Acompanhamos a assistente de produção, Angela Raducani, enquanto conduz por
Bucareste e realiza castings para um vídeo promocional de segurança no
trabalho. No seu tempo livre, filma sketches misóginos satíricos à Andrew Tate
para o TikTok. Enquanto que o seu trabalho maçador, que consiste em conduzir o
dia todo de um lado para o outro à procura de pessoas que ficaram
incapacitadas, é filmado a preto e branco - refletindo o desinteressante,
penoso e miserável do capitalismo tardio -, tanto os seus vídeos para o TikTok
como o vídeo promocional são filmados a cores. Para além disso, são
contrapostas também imagens a cores do filme romeno “Angela merge mai departe”
de 1982, um filme sobre o dia a dia de uma taxista, situado num passado sob o
domínio de Nicolae Ceaușescu, fazendo um paralelo com a actualidade onde a
misoginia, xenofobia e corrupção não parecem muito diferentes.

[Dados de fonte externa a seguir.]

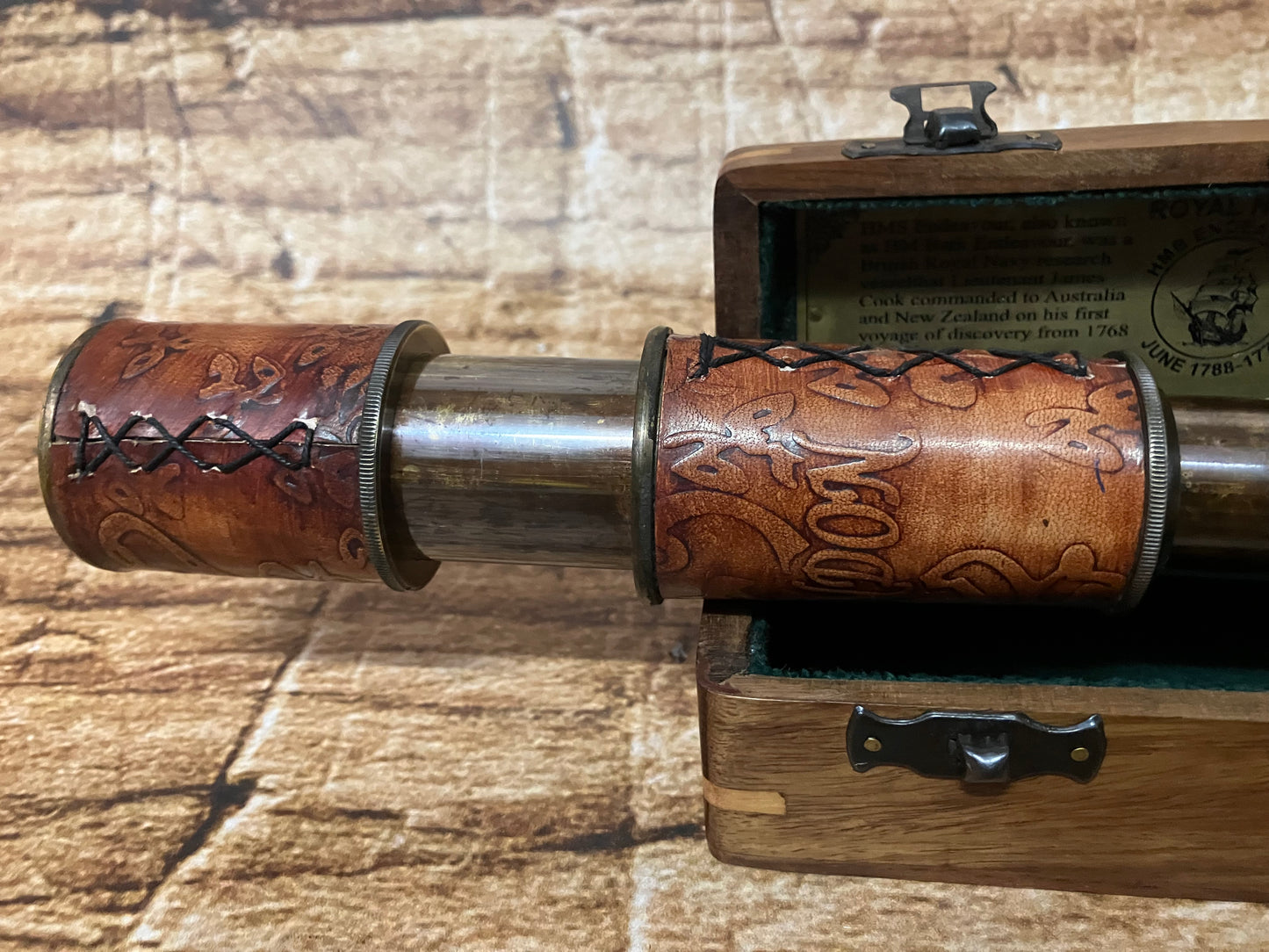 Telescoop Dollond London 1920 in kistje.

A narrativa culmina na filmagem do vídeo promocional para qual Angela
realizou os castings, um plano único sequencial de 30 minutos onde tudo parece
desmoronar. A empresa tenta manipular a narrativa do acidente de trabalho para
a favorecer, as falas são alteradas tantas vezes que se tornam impossíveis de
memorizar, as condições meteorológicas tornam-se adversas à filmagem e, no meio
disto tudo, Angela continua a filmar os seus TikToks.

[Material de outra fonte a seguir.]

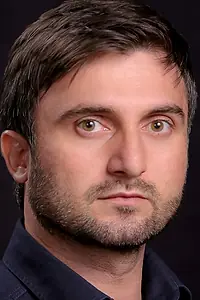 Актёр Иса Абаев — фото персоны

Em suma, a realidade de uma assistente de produção sobrecarregada de
trabalho é contraposta com os vídeos misóginos que grava para o TikTok, o vídeo
promocional de segurança no trabalho que está a produzir e filmagens de um
filme romeno de 1982. Radu Jude explora como o espectáculo e a pós-verdade
substituíram a realidade, cuja misoginia, xenofobia e corrupção estão tão
presentes como há 40 anos atrás.
”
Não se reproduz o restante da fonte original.